Ryan Lemond, the game-show host for UK’s halftime entertainment, went to the UCLA game. Kentucky lost.
That continued a pattern. Lemond, who doesn’t attend many away games, also went to North Carolina and Kansas the last time Kentucky played there. UK lost both times.
Now, for the good news: Lemond does not plan to travel to any more UK road games this season.
Then again, Ryan Lemond does not necessarily have to be at Kentucky games to get his “work” done.
ESPN proved that Wednesday when announcers Bob Picozzi and Kara Lawson called the UK-Eastern Kentucky game from the network’s Bristol, Conn., studios. The game was on ESPN2.

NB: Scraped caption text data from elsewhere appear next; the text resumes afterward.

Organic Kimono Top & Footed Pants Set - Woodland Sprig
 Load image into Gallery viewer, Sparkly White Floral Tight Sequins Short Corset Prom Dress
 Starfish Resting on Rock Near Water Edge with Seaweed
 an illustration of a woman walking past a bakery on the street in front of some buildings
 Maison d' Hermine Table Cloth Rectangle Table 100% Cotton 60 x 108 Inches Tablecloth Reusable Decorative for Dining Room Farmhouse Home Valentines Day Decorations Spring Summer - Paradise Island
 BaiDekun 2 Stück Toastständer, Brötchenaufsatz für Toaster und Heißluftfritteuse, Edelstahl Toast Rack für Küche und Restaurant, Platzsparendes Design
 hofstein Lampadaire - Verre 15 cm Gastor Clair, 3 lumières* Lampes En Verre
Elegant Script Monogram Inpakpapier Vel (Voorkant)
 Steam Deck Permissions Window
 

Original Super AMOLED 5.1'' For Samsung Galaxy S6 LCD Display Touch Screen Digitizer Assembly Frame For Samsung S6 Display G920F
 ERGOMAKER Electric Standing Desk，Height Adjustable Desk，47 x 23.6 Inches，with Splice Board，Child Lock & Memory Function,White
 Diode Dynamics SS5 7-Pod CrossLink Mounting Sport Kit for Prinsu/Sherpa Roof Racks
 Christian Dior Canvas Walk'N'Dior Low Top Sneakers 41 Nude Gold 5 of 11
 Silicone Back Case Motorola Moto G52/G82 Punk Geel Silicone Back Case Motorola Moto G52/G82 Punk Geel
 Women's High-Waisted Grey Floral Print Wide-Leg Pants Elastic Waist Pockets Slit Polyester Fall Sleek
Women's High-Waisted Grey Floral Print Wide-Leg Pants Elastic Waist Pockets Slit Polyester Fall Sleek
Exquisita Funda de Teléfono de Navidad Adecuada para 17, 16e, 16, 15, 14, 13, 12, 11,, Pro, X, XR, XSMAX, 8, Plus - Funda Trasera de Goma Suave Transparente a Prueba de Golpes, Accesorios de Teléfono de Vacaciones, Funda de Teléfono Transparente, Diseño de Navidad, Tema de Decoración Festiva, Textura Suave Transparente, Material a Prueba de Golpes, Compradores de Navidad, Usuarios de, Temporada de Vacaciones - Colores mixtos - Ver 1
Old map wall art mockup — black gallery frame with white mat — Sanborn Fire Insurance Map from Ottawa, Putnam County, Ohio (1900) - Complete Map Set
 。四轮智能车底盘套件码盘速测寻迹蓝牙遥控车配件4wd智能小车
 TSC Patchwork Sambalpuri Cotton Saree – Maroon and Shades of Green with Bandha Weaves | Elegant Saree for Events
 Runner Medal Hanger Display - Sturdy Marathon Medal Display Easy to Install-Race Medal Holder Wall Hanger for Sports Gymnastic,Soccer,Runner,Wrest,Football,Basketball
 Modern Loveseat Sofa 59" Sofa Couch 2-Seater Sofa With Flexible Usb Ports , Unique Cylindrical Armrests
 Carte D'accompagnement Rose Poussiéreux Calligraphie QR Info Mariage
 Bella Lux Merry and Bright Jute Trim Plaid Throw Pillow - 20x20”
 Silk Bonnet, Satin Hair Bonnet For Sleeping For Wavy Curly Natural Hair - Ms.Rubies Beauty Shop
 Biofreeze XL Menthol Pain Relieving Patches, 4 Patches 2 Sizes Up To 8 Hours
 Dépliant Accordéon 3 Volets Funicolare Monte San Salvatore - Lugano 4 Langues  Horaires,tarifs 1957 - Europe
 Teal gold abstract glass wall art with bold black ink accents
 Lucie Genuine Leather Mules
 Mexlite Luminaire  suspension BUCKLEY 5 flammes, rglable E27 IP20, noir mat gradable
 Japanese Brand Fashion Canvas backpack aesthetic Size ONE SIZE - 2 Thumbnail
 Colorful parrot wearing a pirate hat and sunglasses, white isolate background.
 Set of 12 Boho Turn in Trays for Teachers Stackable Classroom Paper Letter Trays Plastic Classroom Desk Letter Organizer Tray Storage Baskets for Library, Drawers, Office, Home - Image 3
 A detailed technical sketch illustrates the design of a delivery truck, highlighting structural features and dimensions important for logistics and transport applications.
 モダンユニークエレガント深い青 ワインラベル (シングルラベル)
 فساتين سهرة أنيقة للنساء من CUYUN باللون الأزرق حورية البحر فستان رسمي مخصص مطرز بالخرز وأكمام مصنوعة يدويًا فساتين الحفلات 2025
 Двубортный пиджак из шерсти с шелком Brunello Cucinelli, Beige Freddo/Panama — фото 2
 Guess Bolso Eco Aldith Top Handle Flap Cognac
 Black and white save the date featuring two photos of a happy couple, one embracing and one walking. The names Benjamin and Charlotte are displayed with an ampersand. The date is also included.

ESPN calls this arrangement “Remote Integration games,” or “Remi” for short.
“Remote Integration setup allows ESPN to continue to innovate, and to reinvest in resources to make our overall productions bigger and better,” spokesperson Rachel Siegal wrote in an email. “It is also a way to try new things and evolve our technology.”
Announcers will be on site for the rest of UK’s games televised by an ESPN channel this season, she said.
To Kelenna Azubuike. He turns 32 on Wednesday. …To Cameron Mills. He turned 40 on Thursday. … To Allen Edwards. He turns 40 on Wednesday. … To Deron Feldhaus. He turns 47 on Wednesday. … To Thad Jaracz. He turns 69 on Tuesday. … To Jan van Breda Kolff. The former Vanderbilt coach turns 64 on Wednesday. … To Mike Anderson. The Arkansas coach turned 56 on Saturday. … To Adam Chiles. He turns 33 on Wednesday. … To Matthew Mitchell. UK’s women’s basketball coach turns 45 on Wednesday.